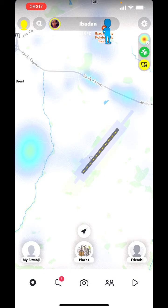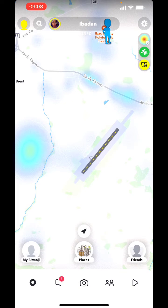In this video I'm going to show you how to enable ghost mode on Snapchat. The Snapchat ghost mode is a feature to hide your account from the public, and I'm just going to walk you through the step-by-step procedure you need to take to enable ghost mode on Snapchat.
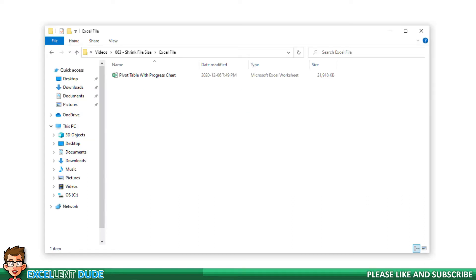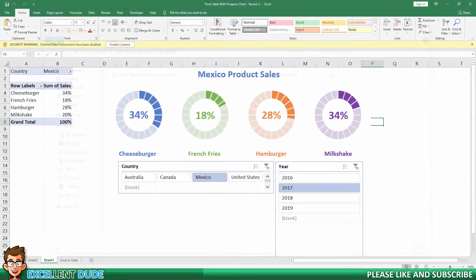Here's a worksheet from a previous video of mine that's almost 22 megs in size. I'll open it up and you can see it's a pivot table with a progress chart.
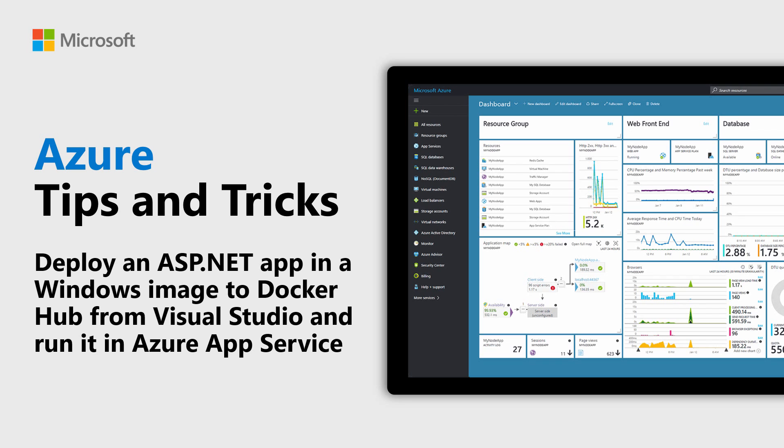Learn how to deploy an ASP.NET app in a Windows image to Docker Hub from Visual Studio and run it in Azure App Service in this episode of Azure Tips and Tricks.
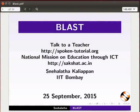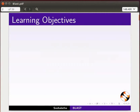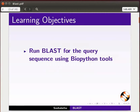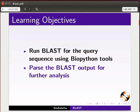Welcome to this tutorial on BLAST using Biopython tools. In this tutorial, we will learn to run BLAST for the query sequence using Biopython tools and parse the BLAST output for further analysis.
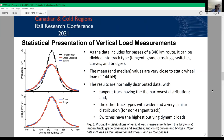The next step is analyzing the statistical distributions of the various track features, including tangent track, grade crossings, switches, curve sections, and bridges. As the graph indicates, the mean and median values are very close to the static load. The results are normally distributed, with tangent tracks having the narrowest distribution, while other track assets have wider and very similar distributions. Based on these results, we consider two different data groups: tangent track and non-tangent track.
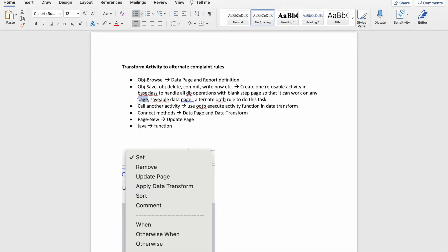The next point is that if you want to call an out-of-the-box activity, I'm still seeing that many folks don't feel comfortable passing parameters and calling activity from a data transform. But it's very easy — you need to call the execute activity function. Before that, make sure you set all parameters. For example, if an activity takes param.pyAdjustedCaseID, just set that parameter, then execute the activity with the right step page and activity name, and it will work.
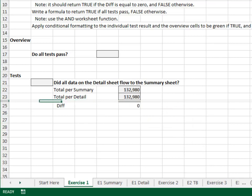When these two values are equal, the diff is equal to zero. So the test passes if the diff is equal to zero.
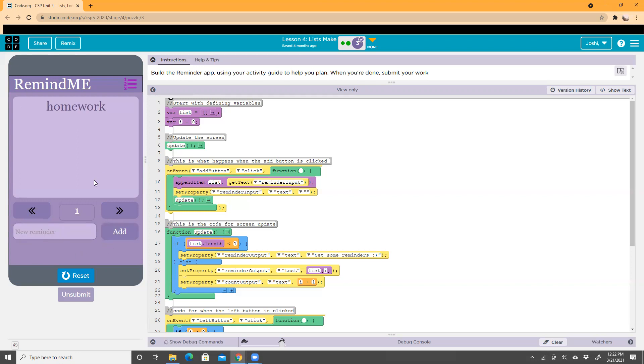Then it goes to the next page and it'll say 'homework'. I can add another one, like 'chores', and I click add.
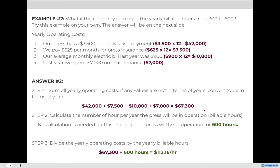We don't have to redo step one since we've already established that the total yearly cost for the press is $67,300. In this case, we divide it by 600 instead of 300 because we are increasing the number of hours of operation. $67,300 divided by 600 comes out to $112.16, which cuts our BHR in half. This is advantageous because now we can charge customers much less and still break even or make a profit, but it requires us to guarantee the press will actually be billable for 600 hours.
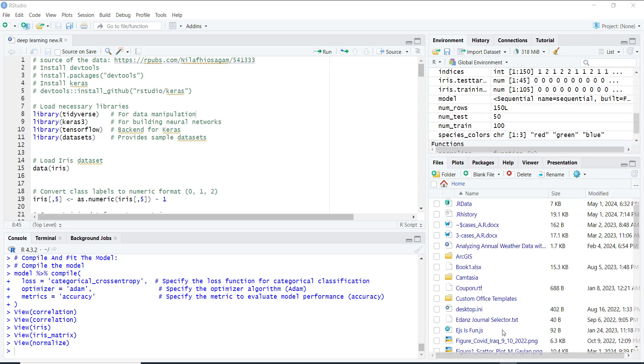Hi everyone, today we are diving into some R programming with neural networks. First we need to make sure we have all the tools we need, so we load up some libraries that help us with data and building neural networks.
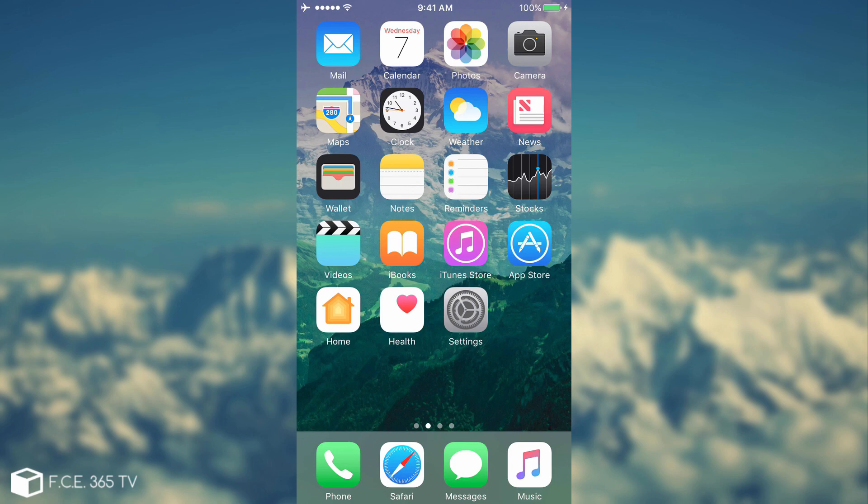What is up guys, Joe Snowright here and this is iOS 10.2 Beta 7, everything you need to know.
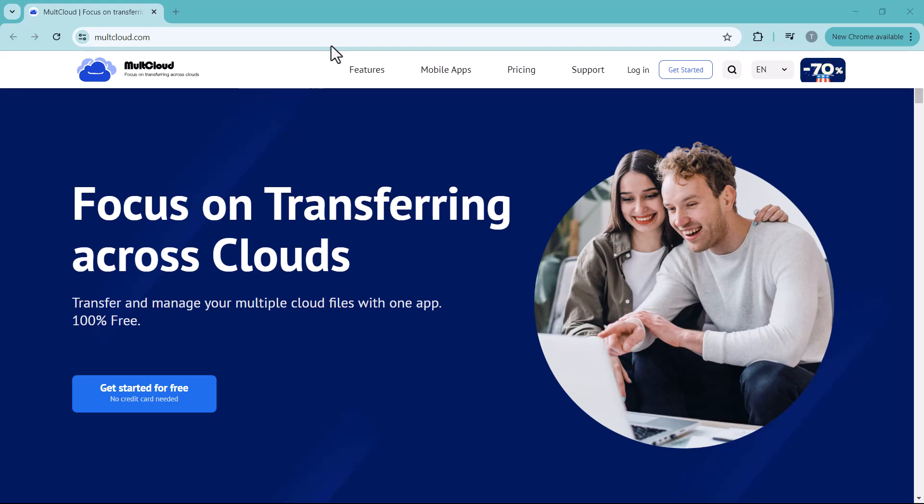Hello everyone, welcome back to my channel Tech Pro. Are you tired of juggling multiple cloud storage accounts, struggling with logins, transfers, and scattered files? Well, fret no more.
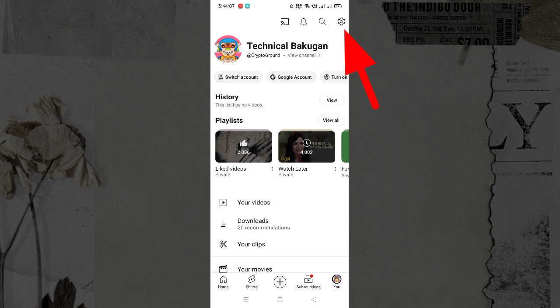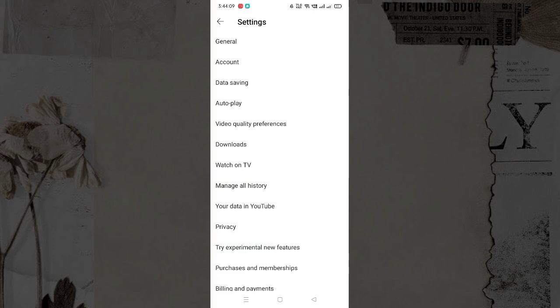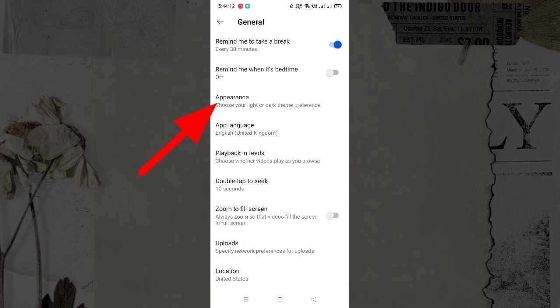Here, from the top right corner, click on the settings icon. Click on the general option. Now, tap on the appearance tab.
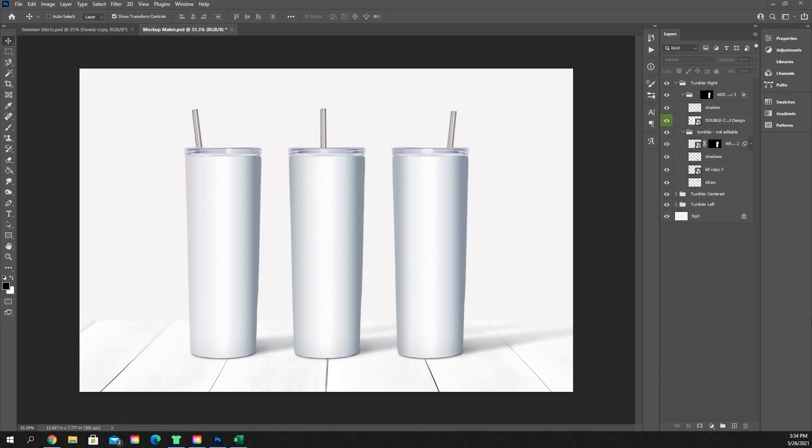All right, so in this video I'm just going to go over how to make a three-part mockup for your tumblers.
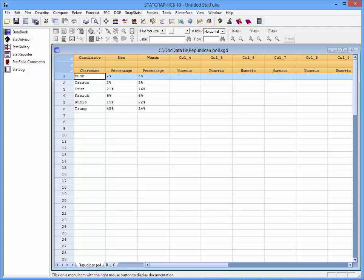It's very easy to create a tornado plot or a butterfly plot in StatGraphics 18. You simply need to set up three columns in the data sheet: one with labels for each of the categories, and two with data for the two samples that you want to compare.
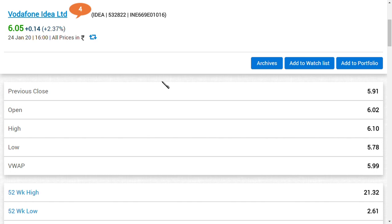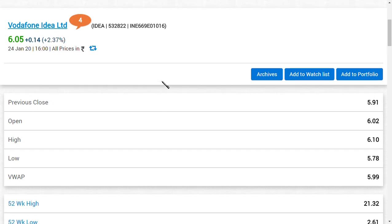How will this help Vodafone Idea this week? If AGR dues have been allowed to pay over years, or if any AGR dues have been cut out of 53,000 crores they have to pay—only 6,000 to 12,000 crores is the core amount. The remaining 30 to 40,000 crores is nothing but the penalty and interest, which is so much.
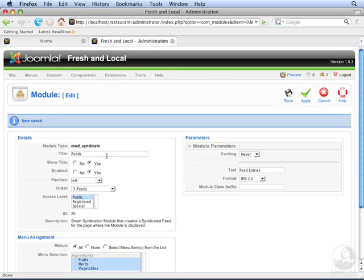Notice that we have feeds and feed entries. What we'd really like to do is change the text of the link to just say RSS.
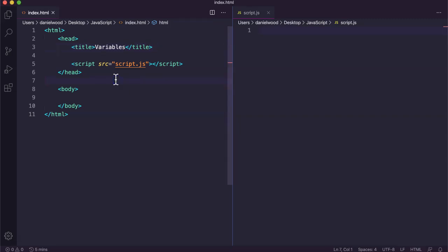Hi, welcome to another tutorial video on coding in JavaScript. In this video we're going to look at creating and using variables in JavaScript code.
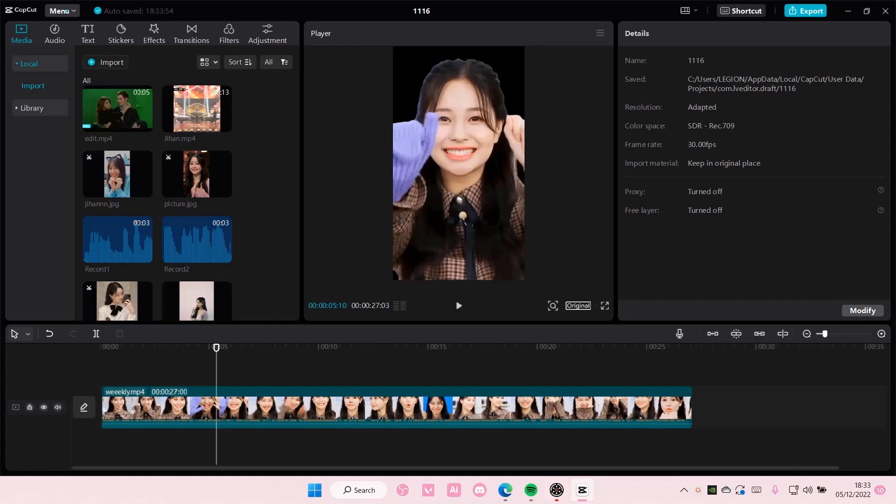Hey guys and welcome back to this channel. In this video I'll be showing you guys how you can update your CapCut PC app.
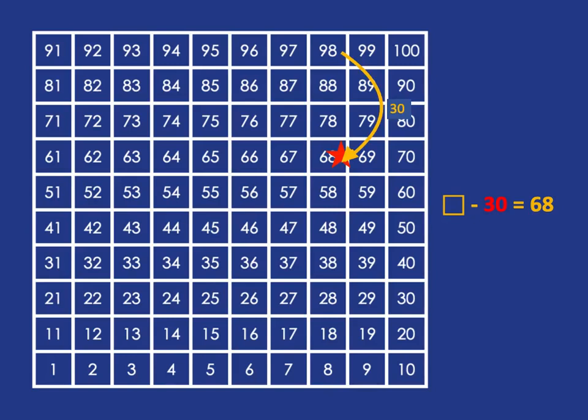And so to figure out where we started, we simply have to go from 68 and move back up the 30. And that will give us the answer of 98. So it's 98 subtract 30 that gets us 68 as the answer.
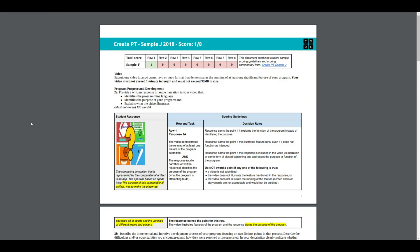Well there you go, kids. That's how you get a one out of eight on the create task. Hopefully you learned a little of what not to do in this video and things to avoid. As always, if you have any questions, please come see me. Good luck.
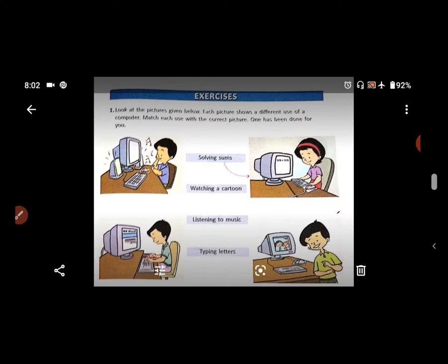Students, in this video we are solving the exercise of lesson number 3 — Uses of Computer. Exercise number 1.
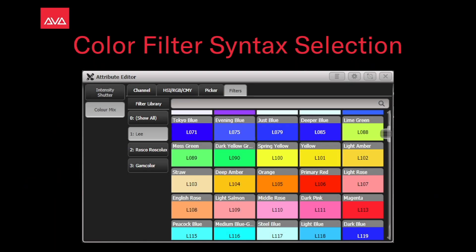Hey everybody and welcome back from Mission Control for a feature focused video. In this video we're talking about color filter syntax selection.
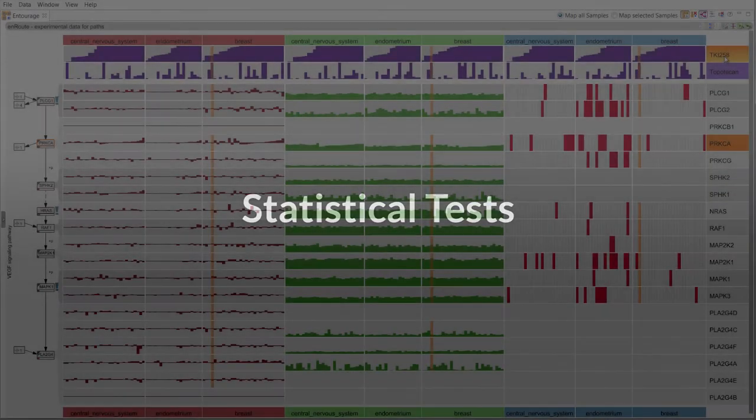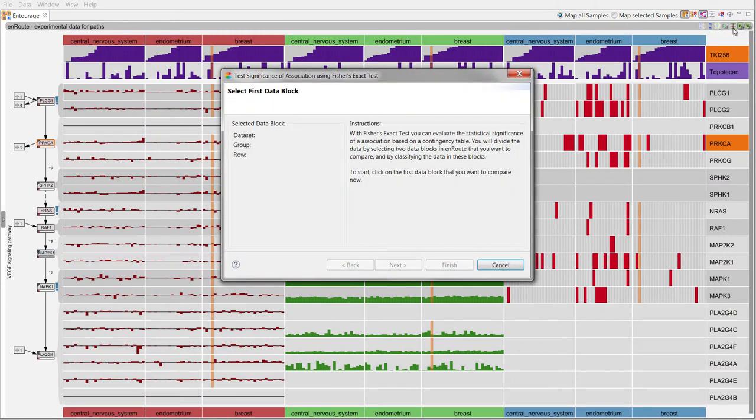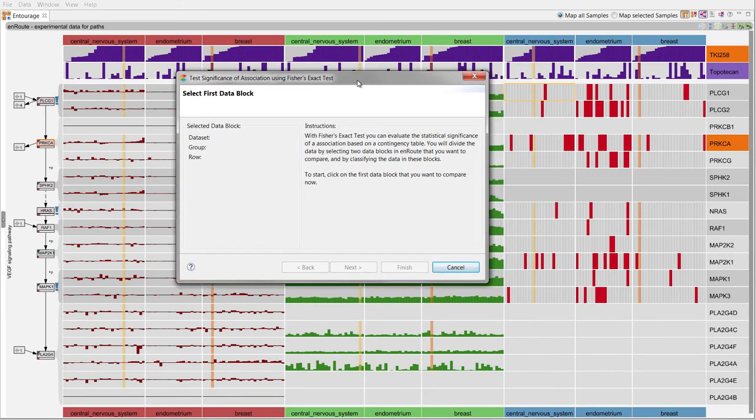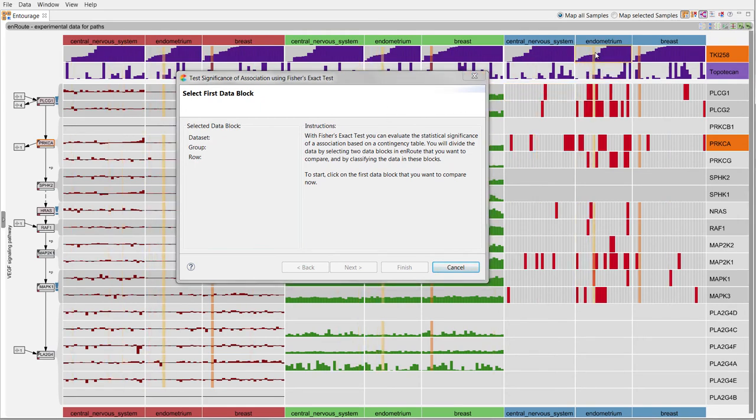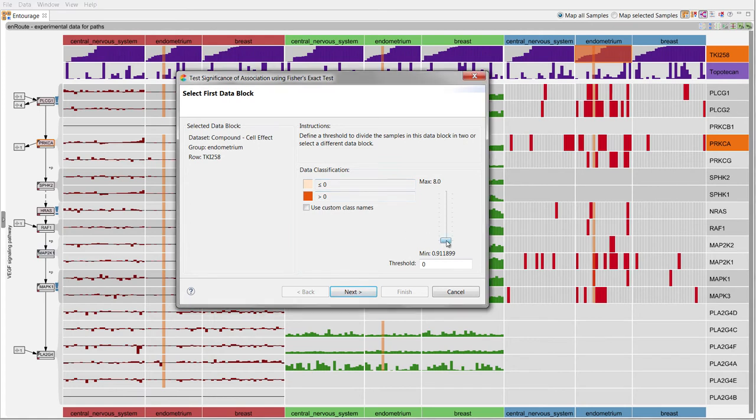We provide statistical tests to evaluate the significance of associations between different blocks of data. To run Fisher's exact test, we use a wizard to divide one data block into two classes. In this case, we set a threshold for classifying endometrium samples into those sensitive and those not sensitive to TKI258.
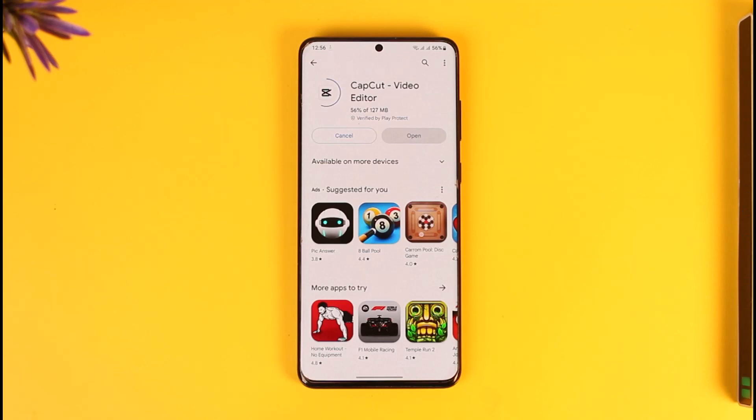So this way you'll be able to update CapCut. Hope this video was helpful. If you have any questions, feel free to leave them down below. Thank you for watching and see you in the next video.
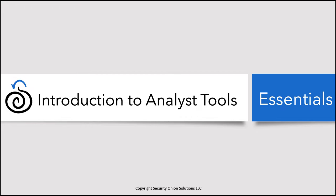Welcome back to Security Onion Essentials. In this session, Introduction to Analyst Tools, we're going to walk through the different tools in the platform that you can use to slice and dice your data. As we saw in our very first session, there are a lot of different tools in the platform, so in this session we're just going to briefly touch on each of them.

### The problem
The output is the stretch above from the line with "Hi, welcome to" through the line with "And so to figure", copied word for word with both ends kept and every picture dropped.

### Result for this exercise
Hi, welcome to another tutorial video on coding in JavaScript. In this video we're going to look at creating and using variables in JavaScript code.
Hey guys and welcome back to this channel. In this video I'll be showing you guys how you can update your CapCut PC app.
And so to figure out where we started, we simply have to go from 68 and move back up the 30. And that will give us the answer of 98. So it's 98 subtract 30 that gets us 68 as the answer.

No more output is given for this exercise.